Globally Unique Identifiers (GUID) are a grouped string with a specific format which I assume has a security reason.

A GUID is most commonly written in text as a sequence of hexadecimal digits separated into five groups, such as:

3F2504E0-4F89-11D3-9A0C-0305E82C3301

Why aren't GUID/UUID strings just random bytes encoded using hexadecimal of X length?

This text notation contains the following fields, separated by hyphens:

| Hex digits | Description
|-------------------------
| 8            | Data1
| 4            | Data2
| 4            | Data3
| 4            | Initial two bytes from Data4
| 12           | Remaining six bytes from Data4

There are also several versions of the UUID standards.

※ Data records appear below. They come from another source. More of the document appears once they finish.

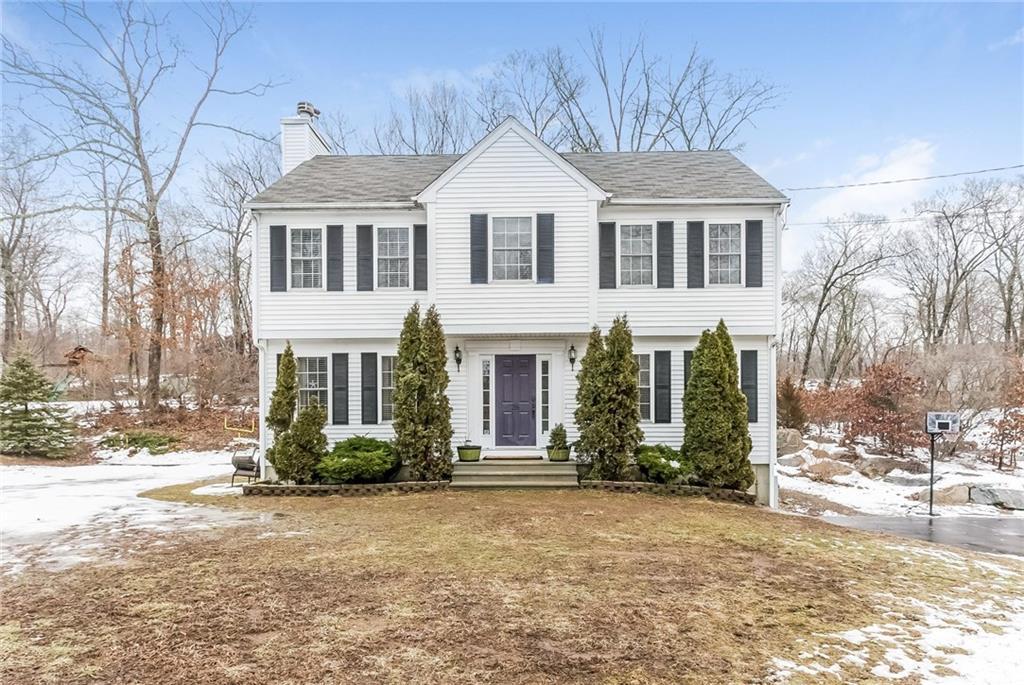 26 River Road Clinton, CT 06413 - Photo 1 of 1 a front view of a house with a yard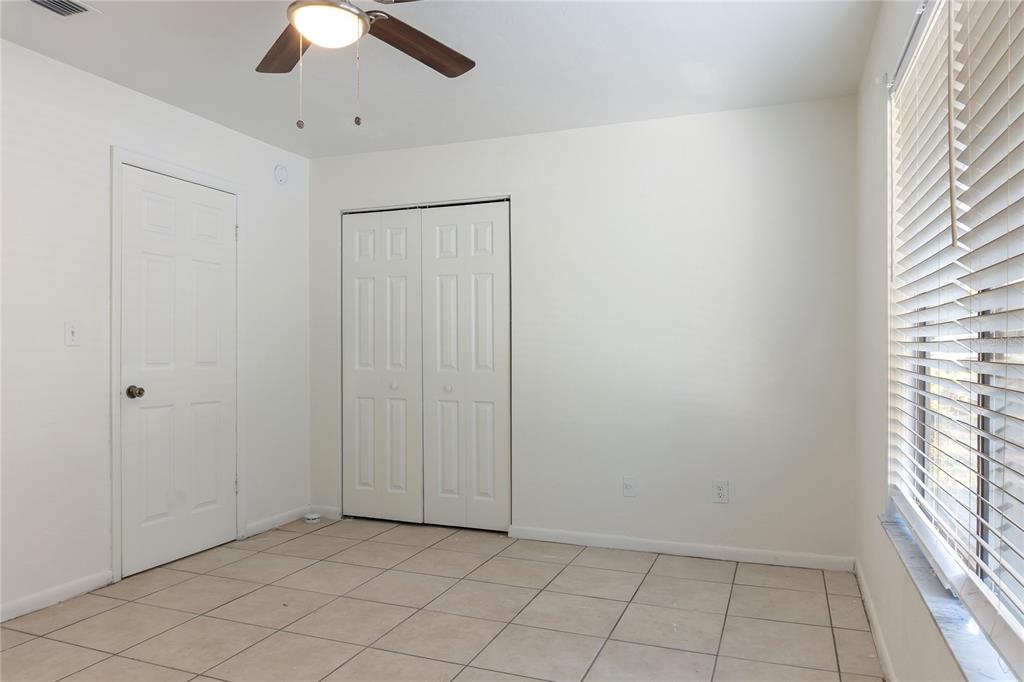 1031 Southwest 61st Street Gainesville, FL 32607 - Photo 13 of 17 an empty room with chandelier fan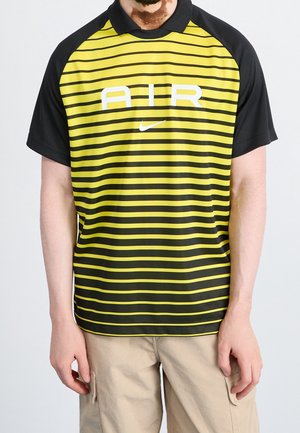 Yellow and black striped Nike polo shirt with a black collar. Features white "AIR" text across the chest and short sleeves.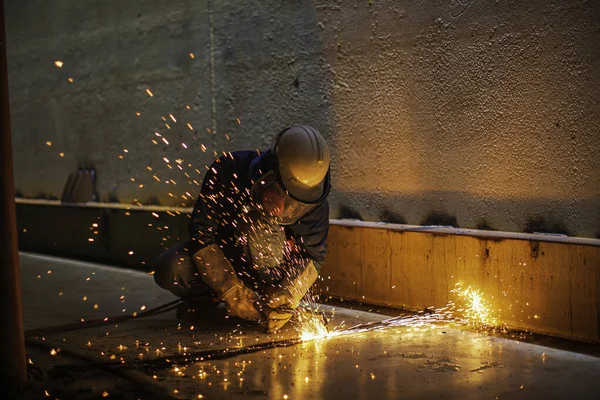 Male worker metal cutting spark on tank bottom steel plate with flash of cutting light close up wear protective gloves and mask in side confined space.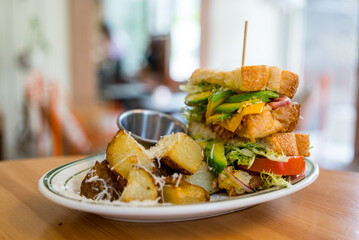 Poster - Sandwich with avocado and grill potato at coffee shop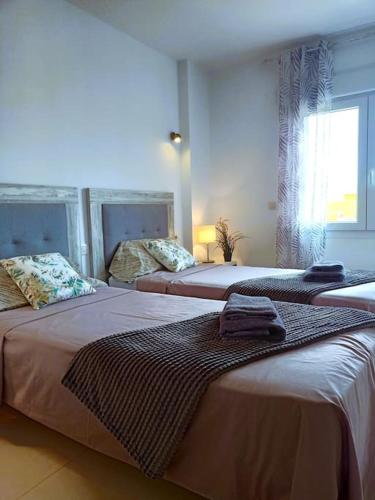 a bedroom with two beds with towels on them at Apartamento Panorama Mar in Punta Prima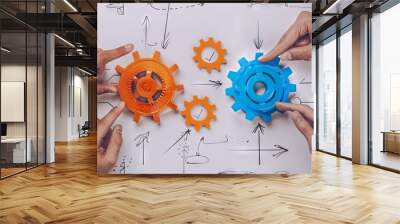 A collage of hands pointing at two gears, one orange and the other blue with check marks on them Wall mural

Version 4 UUIDs are generally internally stored as a raw array of 128 bits, and typically displayed in a format something like:

uuid:xxxxxxxx-xxxx-4xxx-yxxx-xxxxxxxxxxxx

Xeoncross
  • 1,213
  • 1
  • 11
  • 24
  • 4
    No, it probably isn't for security reasons, the bitstring has the same entropy with or without the dashes. I would think it is so that GUID's can be recognized at a glance instead of going "here's a bunch of hex characters, is that md5.. or perhaps sha1.. no, wait, it could be..." and so on. Also, GUID's are usually not just random bytes. –  Oct 14 '12 at 02:35
  • http://blogs.msdn.com/b/oldnewthing/archive/2008/06/27/8659071.aspx – Daniel Little Nov 10 '13 at 23:19
  • Similar Question from SO [UUID format: 8-4-4-4-12 - Why?](http://stackoverflow.com/q/10687505/1671639) – Praveen Sep 12 '14 at 10:55
  • [specific to the latest version](https://stackoverflow.com/q/47230521/1739000) (version 4) – NH. Jan 19 '18 at 22:01

2 Answers2

12

From RfC4122 – A Universally Unique IDentifier (UUID) URN Namespace

The formal definition of the UUID string representation is provided by the following ABNF:

UUID                   = time-low "-" time-mid "-"
                         time-high-and-version "-"
                         clock-seq-and-reserved
                         clock-seq-low "-" node

So, those are just the different fields from the original time and MAC-based UUID. The RFC says it originates from the Apollo Network Computing System.

ivan_pozdeev
  • 583
  • 3
  • 15
Jörg W Mittag
  • 101,921
  • 24
  • 218
  • 318
2

The text representation with the dashes is separating the four fields of the Guid/UUID into five groups (with the last field being separated itself after the first two bytes): Guid Text Encoding

The representation doesn't have anything to do with security, as there are different methods of computing it and is intended to be a unique identifier not necessarily a secure one.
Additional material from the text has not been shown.